Albertsons filed a lawsuit against Kroger, seeking billions in damages, including a $600 million termination fee|Ambrosia LaFluer; MortalConviction|CC BY 2.0; CC BY 3.0

Albertsons has scrapped its $24.6 billion merger with Kroger following rulings by two courts rejecting the deal this week. The courts in Oregon and Washington sided with the FTC, saying that the acquisition would harm competition, reduce employee wages, and increase prices for consumers.

The decision ends a two-year effort to create the largest supermarket in US history, which would have commanded roughly 13% of the grocery market. The proposed merger would have combined Albertsons’ 2,300 stores with Kroger’s 2,750 and employed around 700,000 workers.
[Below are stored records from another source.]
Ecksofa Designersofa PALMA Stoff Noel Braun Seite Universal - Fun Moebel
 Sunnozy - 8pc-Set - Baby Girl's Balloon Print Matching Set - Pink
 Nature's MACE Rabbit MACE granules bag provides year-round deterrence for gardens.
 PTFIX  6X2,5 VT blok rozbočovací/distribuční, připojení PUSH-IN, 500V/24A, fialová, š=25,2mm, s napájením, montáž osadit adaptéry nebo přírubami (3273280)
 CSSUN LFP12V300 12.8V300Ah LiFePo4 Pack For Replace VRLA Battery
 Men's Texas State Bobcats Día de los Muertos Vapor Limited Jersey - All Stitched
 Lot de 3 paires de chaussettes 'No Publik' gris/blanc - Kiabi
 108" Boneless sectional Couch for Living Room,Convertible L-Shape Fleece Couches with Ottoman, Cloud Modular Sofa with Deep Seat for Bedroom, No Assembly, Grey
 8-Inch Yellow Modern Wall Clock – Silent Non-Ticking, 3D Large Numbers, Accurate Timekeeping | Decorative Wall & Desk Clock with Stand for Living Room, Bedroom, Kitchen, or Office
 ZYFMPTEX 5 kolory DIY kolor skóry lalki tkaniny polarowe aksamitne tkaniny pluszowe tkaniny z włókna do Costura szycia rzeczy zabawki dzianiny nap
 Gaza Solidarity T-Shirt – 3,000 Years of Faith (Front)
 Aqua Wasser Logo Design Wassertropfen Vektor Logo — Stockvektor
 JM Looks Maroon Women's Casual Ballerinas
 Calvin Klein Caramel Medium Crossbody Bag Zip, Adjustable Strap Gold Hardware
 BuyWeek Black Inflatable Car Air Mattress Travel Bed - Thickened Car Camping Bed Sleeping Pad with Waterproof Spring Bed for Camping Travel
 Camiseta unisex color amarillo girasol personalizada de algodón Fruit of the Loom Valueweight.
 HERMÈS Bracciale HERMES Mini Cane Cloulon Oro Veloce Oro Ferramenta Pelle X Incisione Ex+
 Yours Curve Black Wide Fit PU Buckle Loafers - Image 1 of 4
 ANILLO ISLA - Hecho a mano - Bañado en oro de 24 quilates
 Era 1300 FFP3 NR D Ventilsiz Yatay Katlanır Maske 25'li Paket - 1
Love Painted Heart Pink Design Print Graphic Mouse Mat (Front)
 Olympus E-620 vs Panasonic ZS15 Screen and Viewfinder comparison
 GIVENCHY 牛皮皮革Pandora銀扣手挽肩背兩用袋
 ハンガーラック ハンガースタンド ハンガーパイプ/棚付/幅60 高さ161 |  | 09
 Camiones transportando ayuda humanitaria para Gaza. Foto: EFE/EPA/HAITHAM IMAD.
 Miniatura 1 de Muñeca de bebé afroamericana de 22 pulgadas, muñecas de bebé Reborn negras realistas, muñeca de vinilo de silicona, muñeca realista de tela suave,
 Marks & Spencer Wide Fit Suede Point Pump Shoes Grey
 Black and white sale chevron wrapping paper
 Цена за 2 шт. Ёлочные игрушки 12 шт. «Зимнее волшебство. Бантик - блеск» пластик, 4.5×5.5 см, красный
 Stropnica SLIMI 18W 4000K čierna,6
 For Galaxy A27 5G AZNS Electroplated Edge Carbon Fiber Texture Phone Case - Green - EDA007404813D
The supermarket giants argued that the merger would help better compete with retailers like Walmart and Amazon.

But now, Albertsons has filed a lawsuit against Kroger, seeking billions in damages, including a $600 million termination fee. It alleges Kroger failed to address regulatory concerns, which blocked the deal by courts.

Kroger denies the claims and blames Albertsons for breaching the agreement.

The failed merger is a win for FTC Chair Lina Khan, who has aggressively pushed against mergers and acquisitions and Big Tech over antitrust grounds.

President-elect Donald Trump’s FTC pick, Andrew Ferguson, promises to reverse what he calls Khan’s “anti-business agenda.” He could favor policies that may be less critical of corporate mergers.

It would be good news to Wall Street, which is seeing a resurgence in mergers, buoyed by $35 billion in deals announced this week.